# 9. Time Series Forecasting
If you have been following along with my posts you may have realized that something I hadn't spent a lot of time dealing with was time series and subsequent forecasting. I have dealt with sequences (both via Recurrent Neural Networks and Markov Models), but given vast amount of time series data that you can encounter in industry, this post is long over due. 

Before digging into the theory, I think that it may be the most beneficial to start from the top and work our way down. Namely, I'd like to get every one exposed to the actual interaction with time series data through the pandas library, and then we will move on to specific forecasting techniques and dive into the mathematics. The reason for this is because in my experience, getting the time series data into the correct format and manipulating it as needed is a bit more challenging than the traditional ML preprocessing (especially if you have never worked with it before). With that said, let's get started!

## 1. Datetimes in Python, Numpy and Pandas
Built right in to native python is the ability to create a `datetime` [object](https://docs.python.org/2/library/datetime.html): 

In [3]:
from datetime import datetime

# Date information
year = 2020
month = 1
day = 2

# Time information
hour = 13
mins = 30
sec = 15

date = datetime(year, month, day, hour, mins, sec)
print(date)

2020-01-02 13:30:15


Now, while python does have the built in ability to handle date times, `numpy` is more efficient when it comes to handling date's. The numpy data type for date times `datetime64`, [here](https://docs.scipy.org/doc/numpy-1.14.5/reference/arrays.datetime.html). It will be have a different type compared to python's built in `datetime`:

In [4]:
import numpy as np

np_date = np.array(["2020-03-15"], dtype="datetime64")


print(f"Pythons datetime type: {type(date)}\n", "Numpy datetime type: ", np_date.dtype)

Pythons datetime type: <class 'datetime.datetime'>
 Numpy datetime type:  datetime64[D]


We can take this one step further and actually create numpy date ranges. By using `np.arange()` we can create a date range easily as follows:

In [5]:
display(np.arange("2018-06-01", "2018-06-23", 7, dtype="datetime64[D]")) # Where the dtype specifies our step type

array(['2018-06-01', '2018-06-08', '2018-06-15', '2018-06-22'],
      dtype='datetime64[D]')

Pandas handles datetimes in a way that is built in top of numpy. The API to create a date range is shown below:

In [6]:
import pandas as pd

display(pd.date_range("2020-01-01", periods=7, freq="D")) # String code D stands for days

DatetimeIndex(['2020-01-01', '2020-01-02', '2020-01-03', '2020-01-04',
               '2020-01-05', '2020-01-06', '2020-01-07'],
              dtype='datetime64[ns]', freq='D')
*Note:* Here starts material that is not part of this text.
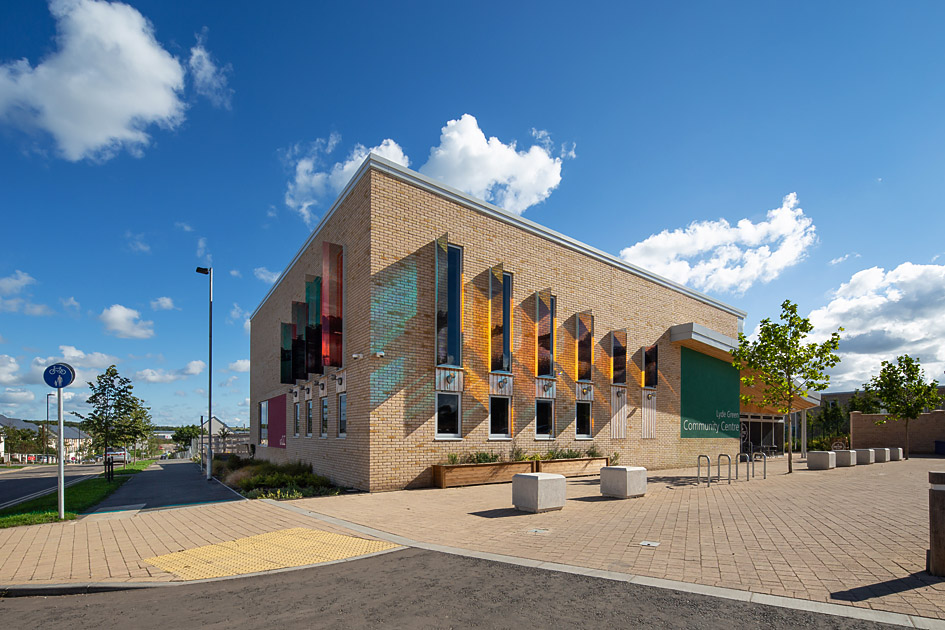 glass public art at Lyde Green Community Centre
The return value is a pandas `DatetimeIndex` which is a specialized pandas index built for datetimes. In other words, it is not just normal string codes, rather it is aware that they are `datetime64` objects. Pandas is able to handle a variety of string codes, however, we will stick with the standard `year-month-day`. 

A nice helper method that pandas offers is the `to_datetime` method:

In [7]:
display(pd.to_datetime(["1/2/2018"]))

DatetimeIndex(['2018-01-02'], dtype='datetime64[ns]', freq=None)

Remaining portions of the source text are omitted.